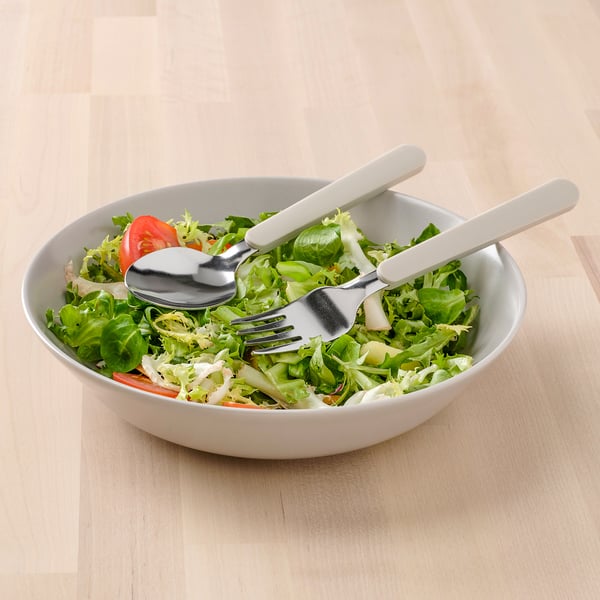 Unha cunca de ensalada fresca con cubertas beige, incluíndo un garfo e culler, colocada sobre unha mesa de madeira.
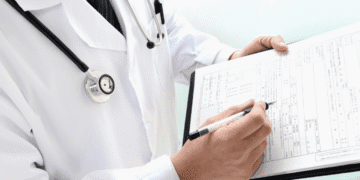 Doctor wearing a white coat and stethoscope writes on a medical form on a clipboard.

= = = = =

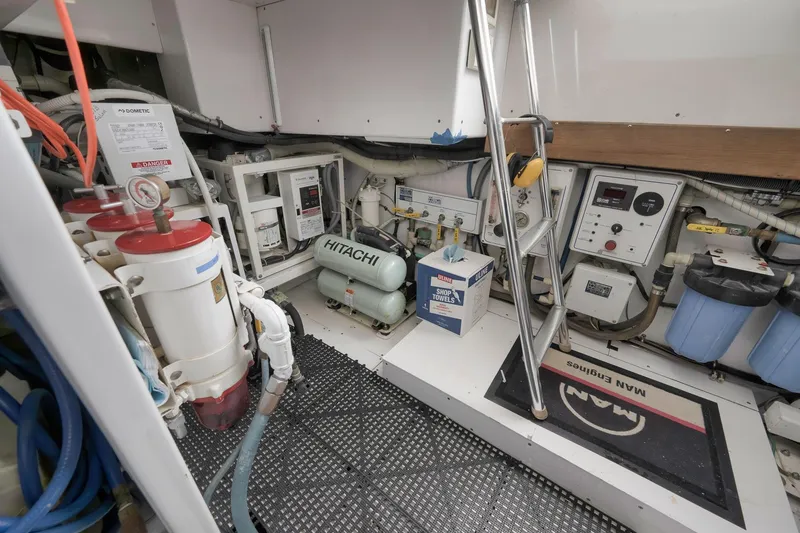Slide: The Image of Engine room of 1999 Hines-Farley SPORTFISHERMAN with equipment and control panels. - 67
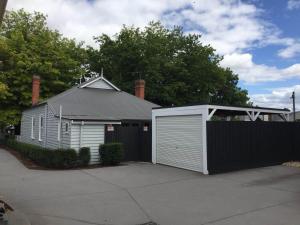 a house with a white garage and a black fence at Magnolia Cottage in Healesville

= = = = =

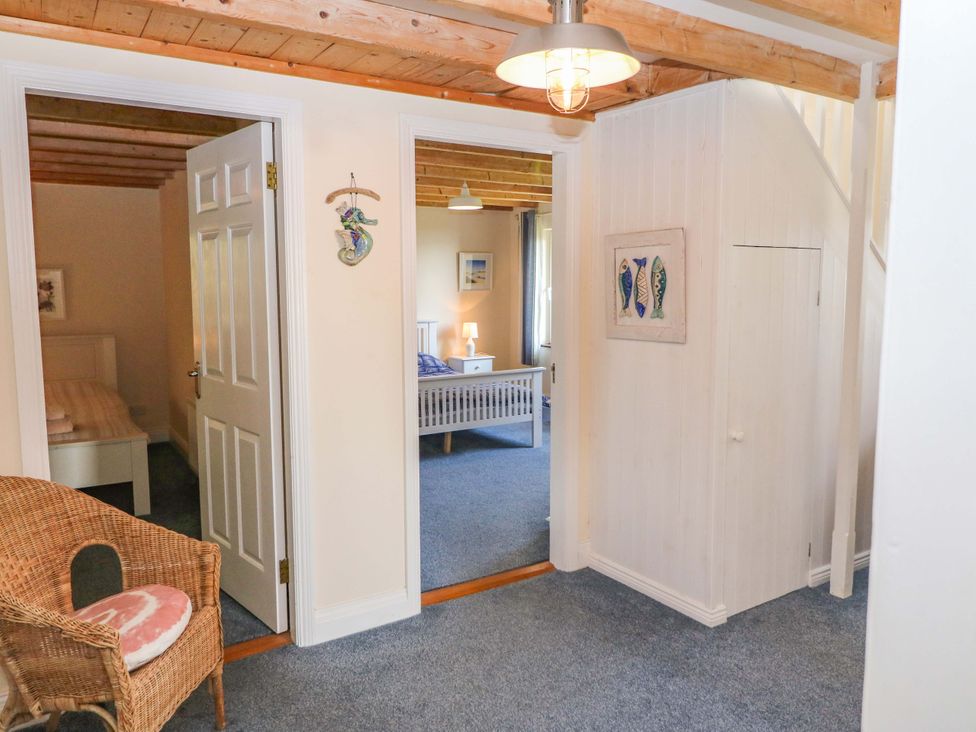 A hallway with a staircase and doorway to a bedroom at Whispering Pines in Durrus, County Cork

= = = = =

YOUR ASSIGNMENT: Look back at the data above, then output exactly the lines from the line holding "Slide: The Image" up to and including the line holding "a house with". Leave out the pictures.

TASK SOLUTION:
Slide: The Image of Engine room of 1999 Hines-Farley SPORTFISHERMAN with equipment and control panels. - 67
 a house with a white garage and a black fence at Magnolia Cottage in Healesville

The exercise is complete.